The Orb, “The Orb’s adventure beyond the Ultraworld”
Não faltou jornalista durante a década de 90 afirmando que a música eletrônica seria a “música do futuro”, apesar do futuro ter chegado ainda nos anos 70 por motivos de Kraftwerk – ou até antes, se pensarmos nos pioneiros do uso de aparelhos e instrumentos eletrônicos para criar melodias. Porém, se esquecermos todo esse trololó de quem chegou antes, o álbum de estreia da dupla inglesa The Orb seria um ótimo exemplo do futuro que chegou antes da hora. Alex Patterson e Jimmy Cautty criaram uma viagem eletrônico-musical que recebeu os mais diversos rótulos: ambient house, ambient dub, breakbeat e o óbvio electronica.

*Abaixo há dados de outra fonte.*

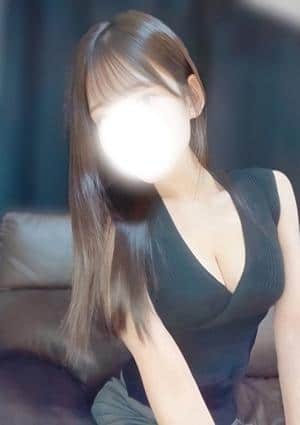 黒木ゆうか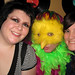 Julie Bird Photo 27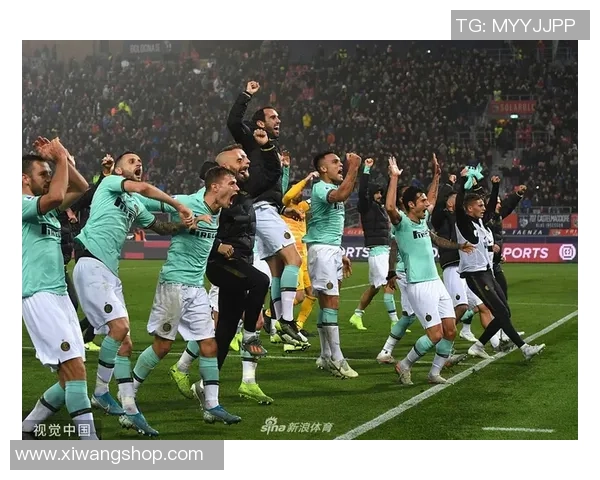 意甲激战:多特蒙德以6比2大胜国米点球大战点燃全场激情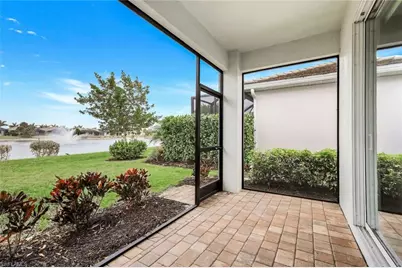 16717 Seasons Coast Dr, Bonita Springs, FL 34135 - Photo 17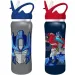 Butelka ze stali nierdzewnej Transformers 500ml w dwóch wariantach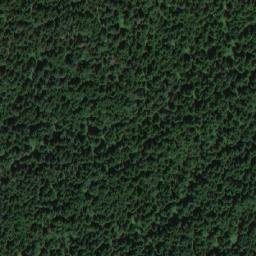 Satellite imagery of Stijena, BA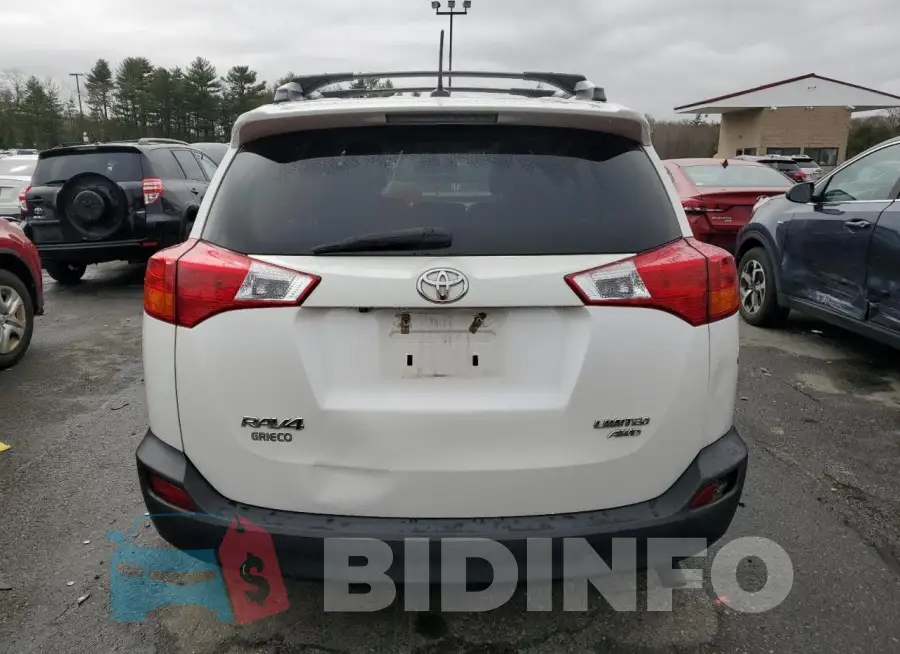 2T3DFREV9FW259731 Photo# 6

Rótulos e (merecidas) comparações com a melhor fase do Pink Floyd à parte, “The Orb’s adventure beyond the Ultraworld” segue como um dos melhores álbuns de música eletrônica de todos os tempos, desses que merecem ser descobertos por quem realmente gosta de música mas perdeu esse bonde de elevação sonora espacial. Com apenas dez faixas e nada menos que 109 minutos de duração, o álbum tem aquelas músicas capazes de expandir as portas da percepção, como “Little fluffy clouds”, “Earth (Gaia)”, “Supernova at the end of the universe”, “Spanish castles in space” e “A huge ever growing pulsating brain that rules from the centre of the Ultraworld’.
Saint Etienne, “Foxbase Alpha”
Um dos “problemas” de 1991 ser tão lotado de álbuns clássicos é que alguns deles não ganharam o espaço merecido. É o caso de “Foxbase Alpha”, estreia fonográfica dos ingleses do Saint Etienne, que fez sucesso na sua terra natal e nas quebradas da Europa, mas passou batido nos Estados Unidos e também por aqui. O primeiro álbum do trio britânico é uma delicinha sonora movida pelos vapores do indie pop e da então emergente cena dance/clubber, mais influências nítidas do pop dos anos 60 – talvez um leve verniz de soul music em algumas músicas, mas aí depende dos critérios auditivos de cada um.
Em todo caso, quem descobrir “Foxbase Alpha” com esse delay de 30 anos poderá curtir músicas como “Spring”, “Girl VII”, “Nothing can stop us” e a versão para “Only love can break your heart”, de Neil Young (única faixa sem os vocais de Sarah Cracknell, tendo sido cantada por Moira Lambert), que parecem ter acabado de sair do forno.
Legião Urbana, “V”
A Legião Urbana vinha do sucesso estrondoso de “As quatro estações”, álbum que deixou claro qual era a maior banda de rock do país – afinal, não é qualquer artista que consegue colocar todas as músicas de um disco nas rádios. Por isso mesmo, “V” surpreendeu pela sua estrutura musical e o tema de algumas letras, ainda que o álbum anterior já tratasse de questões como suicídio, a homossexualidade do vocalista Renato Russo e a tortura durante a ditadura militar.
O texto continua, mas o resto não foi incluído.